Osmanlı çok mozaik gibi bir yönetimdi gibi bir mistifikasyon var ama aslında Osmanlı’daki bu yapılar bir arada yaşamıyorlar, kompartımanlar halinde yaşıyorlar. Bir arada yaşamalarına ne Bizans, ne de Osmanlı müsaade etmiştir. Mesela itiraz edilebilir, İstanbul’da bir sürü ekalliyet vardı, bunlar bir arada yaşamıyor muydu diye, fiziki anlamda evet, ama tamamen birbirlerinden soyutlanmış, kompartımanlar halinde ve devlet tarafından tutulan yapılardı. Bununla ilgili son dönem yayınlanmış belgelerde var. Kadı sicillerinde çok örnekler var. Mesela Ortodoks bir Rum’un, Katolik bir Rum haline dönüşmesine devlet izin vermiyor. Ortodokslar, Ortodoks olarak kalıyor, mesela Yahudiler, Yahudi olarak kalıyor bir tek Müslümanlığa geçerse izin veriliyor ama o da çok teşvik edilen bir şey değil. Biz mesela Balkanlar için söyleriz ya Osmanlı çok hoşgörülüydü, insanları zorla Müslüman yapmadı diye ama aslında bu bir devlet siyasetidir. Müslüman olmalarını istemiyordu zaten, Balkanların Ortodoks kalmasını istiyordu. Çünkü orada bir Habsburg tehlikesi var, Katolikler var, onların önünde Ortodoks bir bent olarak o halkları tutuyor. Bunun nedeni ise bu cemaat yapılarının kamusal alanda geçişken hale gelmesi ve bunun kolaylaşmasına müsaade etmiyor.

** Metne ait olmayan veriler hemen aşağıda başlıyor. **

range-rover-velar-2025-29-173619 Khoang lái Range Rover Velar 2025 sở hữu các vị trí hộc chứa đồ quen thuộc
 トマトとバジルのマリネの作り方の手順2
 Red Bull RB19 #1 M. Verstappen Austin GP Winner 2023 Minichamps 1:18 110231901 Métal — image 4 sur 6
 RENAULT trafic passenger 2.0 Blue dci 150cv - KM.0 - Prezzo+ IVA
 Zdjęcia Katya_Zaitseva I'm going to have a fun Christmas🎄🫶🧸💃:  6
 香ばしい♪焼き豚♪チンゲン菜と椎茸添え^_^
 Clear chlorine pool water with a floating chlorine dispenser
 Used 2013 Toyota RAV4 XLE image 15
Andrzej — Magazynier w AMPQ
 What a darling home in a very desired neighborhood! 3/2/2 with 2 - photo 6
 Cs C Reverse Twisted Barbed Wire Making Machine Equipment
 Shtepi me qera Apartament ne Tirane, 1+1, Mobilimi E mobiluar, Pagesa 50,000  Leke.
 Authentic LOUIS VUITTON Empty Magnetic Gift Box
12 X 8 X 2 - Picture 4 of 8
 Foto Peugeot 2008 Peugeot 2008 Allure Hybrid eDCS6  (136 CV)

Mesela biz biliyoruz ki 4. Murat içkiyi yasaklıyor ve kahveyi de yasaklıyor. Tabi bunu şer’î bir gerekçe ile fetva çıkartarak yapıyor ama aslında o kahvehanelerde birtakım ayak takımı oturup devlet aleyhinde ileri geri konuşuyorlar, esas korku o, tabii biz bunu Avrupa’dan da biliyoruz, orada da ayaklanmalar, publardan, meyhanelerden filan başlıyor. Orada insanlar dedikodu yapmaya başlıyor ve dedikodunun birinci maddesi işte kralla veya arttırılan vergi ile ilgili, verilen bir ceza ile ilgilidir yapılan bu dedikodular. Keza camilerde de dedikodu yapılmasına müsaade edilmiyor.

Osmanlı’da Yahudiler, Hristiyanlar ve Müslümanların bir arada yaşaması meselesi klasik döneme ait değildir. Bu ancak Tanzimat sonrası döneme ve çok sınırlı bir alana ait bir şeydir. Biraz ticaretin olduğu yerlerde, mesela Pera böyledir. Klasik dönemde bu unsurların bir arada yaşaması söz konusu değil ve bu unsurların kamusal alanda bir araya gelecekleri bir mekanizma da yok. Bizim geleneğimizde dolayısı ile böyle bir şey yok. Çok kısa bir dönemdir, Tanzimat sonrası devletin kendini dönüştüremediği bir dönemde görülür.

Kültürel Modernleşmenin Siyasete Etkisi

Yüzünüzü batıya döneceksiniz, modernleşeceksiniz ama modernleşmenin getirdiği şeylerden de rahatsızsınız. Bu öyle bir şey ki, mesela Abdülhamit döneminde çıkarılan bütün gazetelerin altında motto halinde “siyasetle ilgisi yoktur” ibaresi geçiyor. Bu hemen hepsinde var, bir gazete çıkarıyorsunuz ama gazetenin altına siyasetle ilişkisi yoktur diye ibare koyuyorsunuz. Ya da mesela fenni ve ilmi gazete veya işte dünya ahvalinden haber verir ilmi mecmua gibi şeyler. Çünkü devlet modernleşmenin politikleşmesine müsaade etmiyor.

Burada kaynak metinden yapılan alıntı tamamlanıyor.